··· Supplied records ···

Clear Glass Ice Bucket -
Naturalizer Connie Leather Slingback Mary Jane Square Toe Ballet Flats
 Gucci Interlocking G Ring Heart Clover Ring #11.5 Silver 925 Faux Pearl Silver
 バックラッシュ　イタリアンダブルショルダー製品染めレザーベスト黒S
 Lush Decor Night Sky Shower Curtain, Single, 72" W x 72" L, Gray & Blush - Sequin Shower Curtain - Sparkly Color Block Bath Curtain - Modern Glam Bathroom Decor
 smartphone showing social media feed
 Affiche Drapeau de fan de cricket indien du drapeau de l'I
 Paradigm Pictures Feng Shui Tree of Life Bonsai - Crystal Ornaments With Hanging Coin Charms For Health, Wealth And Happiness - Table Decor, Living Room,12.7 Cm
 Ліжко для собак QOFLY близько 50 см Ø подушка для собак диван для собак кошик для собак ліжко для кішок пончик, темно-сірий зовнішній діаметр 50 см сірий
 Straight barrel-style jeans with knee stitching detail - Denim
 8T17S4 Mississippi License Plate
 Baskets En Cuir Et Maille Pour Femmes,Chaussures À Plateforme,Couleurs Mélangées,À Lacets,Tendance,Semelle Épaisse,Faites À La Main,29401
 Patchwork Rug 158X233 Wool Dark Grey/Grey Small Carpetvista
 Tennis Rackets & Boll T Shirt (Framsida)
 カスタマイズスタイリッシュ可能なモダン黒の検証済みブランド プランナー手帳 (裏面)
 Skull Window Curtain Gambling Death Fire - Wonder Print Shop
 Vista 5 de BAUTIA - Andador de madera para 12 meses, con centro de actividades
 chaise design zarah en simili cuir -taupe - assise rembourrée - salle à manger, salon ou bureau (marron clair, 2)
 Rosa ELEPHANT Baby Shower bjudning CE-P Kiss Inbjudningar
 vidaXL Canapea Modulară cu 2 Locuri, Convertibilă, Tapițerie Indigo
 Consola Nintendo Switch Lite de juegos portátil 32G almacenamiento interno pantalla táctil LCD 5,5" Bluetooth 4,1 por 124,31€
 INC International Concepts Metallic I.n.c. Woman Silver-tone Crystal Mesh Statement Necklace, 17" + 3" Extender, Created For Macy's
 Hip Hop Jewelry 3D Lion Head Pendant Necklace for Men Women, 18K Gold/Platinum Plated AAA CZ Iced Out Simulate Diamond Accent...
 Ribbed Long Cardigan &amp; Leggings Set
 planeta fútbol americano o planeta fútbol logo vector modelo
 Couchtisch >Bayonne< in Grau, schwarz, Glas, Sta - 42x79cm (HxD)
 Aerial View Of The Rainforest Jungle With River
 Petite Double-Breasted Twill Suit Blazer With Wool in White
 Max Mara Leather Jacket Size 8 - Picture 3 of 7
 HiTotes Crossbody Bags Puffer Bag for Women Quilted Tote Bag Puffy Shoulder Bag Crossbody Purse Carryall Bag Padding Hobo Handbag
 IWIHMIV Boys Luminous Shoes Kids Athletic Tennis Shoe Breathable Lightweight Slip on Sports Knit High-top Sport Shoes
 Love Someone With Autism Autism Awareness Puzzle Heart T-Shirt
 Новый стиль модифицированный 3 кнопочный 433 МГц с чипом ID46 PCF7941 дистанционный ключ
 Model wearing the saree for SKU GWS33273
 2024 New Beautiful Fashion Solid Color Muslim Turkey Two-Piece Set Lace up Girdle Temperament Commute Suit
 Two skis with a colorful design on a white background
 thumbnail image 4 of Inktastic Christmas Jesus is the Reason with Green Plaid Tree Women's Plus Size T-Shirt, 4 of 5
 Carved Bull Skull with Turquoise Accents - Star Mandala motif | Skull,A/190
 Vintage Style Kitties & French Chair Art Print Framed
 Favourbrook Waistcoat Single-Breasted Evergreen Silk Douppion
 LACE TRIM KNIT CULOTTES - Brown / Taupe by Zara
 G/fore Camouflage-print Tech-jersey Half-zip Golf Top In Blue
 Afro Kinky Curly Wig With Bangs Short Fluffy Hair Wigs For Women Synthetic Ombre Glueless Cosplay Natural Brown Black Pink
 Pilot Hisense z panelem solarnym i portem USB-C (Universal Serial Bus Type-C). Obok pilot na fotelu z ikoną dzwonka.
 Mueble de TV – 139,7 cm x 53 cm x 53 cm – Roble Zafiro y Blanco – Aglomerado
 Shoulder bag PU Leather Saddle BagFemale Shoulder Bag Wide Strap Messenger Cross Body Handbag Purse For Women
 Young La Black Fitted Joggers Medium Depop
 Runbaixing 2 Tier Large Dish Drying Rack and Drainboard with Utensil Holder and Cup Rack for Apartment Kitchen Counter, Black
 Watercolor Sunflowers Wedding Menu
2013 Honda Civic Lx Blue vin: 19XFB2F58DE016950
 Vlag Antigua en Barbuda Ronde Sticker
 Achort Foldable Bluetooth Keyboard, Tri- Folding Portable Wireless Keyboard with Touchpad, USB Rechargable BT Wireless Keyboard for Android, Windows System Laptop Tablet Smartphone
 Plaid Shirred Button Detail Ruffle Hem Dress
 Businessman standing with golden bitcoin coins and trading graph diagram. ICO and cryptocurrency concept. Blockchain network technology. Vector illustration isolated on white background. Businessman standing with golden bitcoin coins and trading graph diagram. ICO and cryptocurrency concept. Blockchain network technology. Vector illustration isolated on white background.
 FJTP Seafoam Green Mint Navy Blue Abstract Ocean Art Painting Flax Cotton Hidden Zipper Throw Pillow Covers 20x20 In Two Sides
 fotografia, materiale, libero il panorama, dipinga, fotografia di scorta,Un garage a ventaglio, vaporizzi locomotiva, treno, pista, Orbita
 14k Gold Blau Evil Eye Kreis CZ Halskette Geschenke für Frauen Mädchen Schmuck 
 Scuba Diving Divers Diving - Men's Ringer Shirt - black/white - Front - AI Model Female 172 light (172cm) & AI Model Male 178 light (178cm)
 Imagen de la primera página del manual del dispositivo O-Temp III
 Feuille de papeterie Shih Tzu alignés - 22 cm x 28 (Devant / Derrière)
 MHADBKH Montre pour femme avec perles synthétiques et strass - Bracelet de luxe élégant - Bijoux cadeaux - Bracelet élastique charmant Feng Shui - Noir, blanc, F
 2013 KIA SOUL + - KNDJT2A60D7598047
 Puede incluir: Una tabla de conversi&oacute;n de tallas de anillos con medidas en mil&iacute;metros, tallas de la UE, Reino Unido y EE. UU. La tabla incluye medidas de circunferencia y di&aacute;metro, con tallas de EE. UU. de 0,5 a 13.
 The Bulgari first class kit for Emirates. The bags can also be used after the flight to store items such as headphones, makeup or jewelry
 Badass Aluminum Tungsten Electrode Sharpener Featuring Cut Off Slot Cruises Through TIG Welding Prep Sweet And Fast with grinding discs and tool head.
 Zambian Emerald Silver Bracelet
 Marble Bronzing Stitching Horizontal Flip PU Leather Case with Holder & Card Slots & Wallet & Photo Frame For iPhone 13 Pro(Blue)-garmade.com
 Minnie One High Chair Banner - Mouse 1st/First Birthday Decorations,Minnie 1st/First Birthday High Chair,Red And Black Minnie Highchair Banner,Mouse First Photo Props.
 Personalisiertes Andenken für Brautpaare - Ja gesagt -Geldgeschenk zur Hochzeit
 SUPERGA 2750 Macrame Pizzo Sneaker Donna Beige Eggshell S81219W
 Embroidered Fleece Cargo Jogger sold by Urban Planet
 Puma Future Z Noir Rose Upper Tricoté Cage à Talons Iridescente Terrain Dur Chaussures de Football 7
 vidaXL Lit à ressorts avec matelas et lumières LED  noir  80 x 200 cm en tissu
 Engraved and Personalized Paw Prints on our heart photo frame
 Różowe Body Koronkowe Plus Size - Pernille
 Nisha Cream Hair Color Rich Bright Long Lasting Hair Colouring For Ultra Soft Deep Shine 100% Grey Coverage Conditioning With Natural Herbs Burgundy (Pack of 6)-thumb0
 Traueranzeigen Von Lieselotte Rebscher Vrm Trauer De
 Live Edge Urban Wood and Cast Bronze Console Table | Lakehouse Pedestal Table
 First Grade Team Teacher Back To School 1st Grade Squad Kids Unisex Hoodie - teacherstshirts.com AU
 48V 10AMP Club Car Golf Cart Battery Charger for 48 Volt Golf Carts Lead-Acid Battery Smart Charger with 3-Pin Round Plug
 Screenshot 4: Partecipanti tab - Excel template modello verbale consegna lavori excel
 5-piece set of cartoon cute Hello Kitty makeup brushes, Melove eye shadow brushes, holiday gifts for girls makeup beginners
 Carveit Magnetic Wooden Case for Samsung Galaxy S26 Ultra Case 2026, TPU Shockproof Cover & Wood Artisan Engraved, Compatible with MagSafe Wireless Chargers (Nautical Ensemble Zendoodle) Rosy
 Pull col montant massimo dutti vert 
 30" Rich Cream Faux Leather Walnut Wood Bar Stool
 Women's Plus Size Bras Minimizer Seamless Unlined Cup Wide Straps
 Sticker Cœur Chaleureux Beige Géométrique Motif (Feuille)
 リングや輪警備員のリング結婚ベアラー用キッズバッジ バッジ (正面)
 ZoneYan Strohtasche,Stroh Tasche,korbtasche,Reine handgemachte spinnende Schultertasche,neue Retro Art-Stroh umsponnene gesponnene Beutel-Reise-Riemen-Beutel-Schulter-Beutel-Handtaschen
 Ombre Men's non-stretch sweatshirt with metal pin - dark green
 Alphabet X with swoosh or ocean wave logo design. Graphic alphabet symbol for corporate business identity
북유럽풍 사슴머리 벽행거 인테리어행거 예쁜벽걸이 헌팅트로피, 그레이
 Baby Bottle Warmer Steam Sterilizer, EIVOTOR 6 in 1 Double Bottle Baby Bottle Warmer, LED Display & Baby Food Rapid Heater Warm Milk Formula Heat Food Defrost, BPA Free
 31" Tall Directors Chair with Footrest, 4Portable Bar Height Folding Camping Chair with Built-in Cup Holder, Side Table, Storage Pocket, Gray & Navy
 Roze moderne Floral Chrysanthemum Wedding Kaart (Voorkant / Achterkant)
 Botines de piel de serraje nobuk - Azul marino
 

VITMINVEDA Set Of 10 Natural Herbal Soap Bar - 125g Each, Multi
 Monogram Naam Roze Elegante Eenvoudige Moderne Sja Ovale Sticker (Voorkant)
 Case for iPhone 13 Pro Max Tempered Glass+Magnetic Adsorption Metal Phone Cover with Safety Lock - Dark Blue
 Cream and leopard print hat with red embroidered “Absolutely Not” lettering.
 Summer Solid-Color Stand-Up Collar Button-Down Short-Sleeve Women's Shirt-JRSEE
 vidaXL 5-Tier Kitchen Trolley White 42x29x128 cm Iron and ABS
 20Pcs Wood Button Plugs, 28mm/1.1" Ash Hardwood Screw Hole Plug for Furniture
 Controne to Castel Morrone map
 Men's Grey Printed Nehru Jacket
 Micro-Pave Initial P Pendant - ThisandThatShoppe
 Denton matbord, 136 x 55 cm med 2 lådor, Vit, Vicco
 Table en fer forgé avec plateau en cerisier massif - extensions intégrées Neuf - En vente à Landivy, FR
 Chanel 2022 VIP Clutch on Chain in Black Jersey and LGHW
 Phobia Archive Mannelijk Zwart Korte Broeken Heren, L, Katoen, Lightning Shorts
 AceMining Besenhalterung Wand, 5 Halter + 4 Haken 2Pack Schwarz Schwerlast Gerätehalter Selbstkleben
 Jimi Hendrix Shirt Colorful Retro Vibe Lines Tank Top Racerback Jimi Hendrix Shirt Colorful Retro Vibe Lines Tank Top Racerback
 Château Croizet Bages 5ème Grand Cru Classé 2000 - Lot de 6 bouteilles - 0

···

Instructions to follow = Throughout the material above, find each line with "vidaXL" and return it.

Answer area =
 vidaXL Canapea Modulară cu 2 Locuri, Convertibilă, Tapițerie Indigo
 vidaXL Lit à ressorts avec matelas et lumières LED  noir  80 x 200 cm en tissu
 vidaXL 5-Tier Kitchen Trolley White 42x29x128 cm Iron and ABS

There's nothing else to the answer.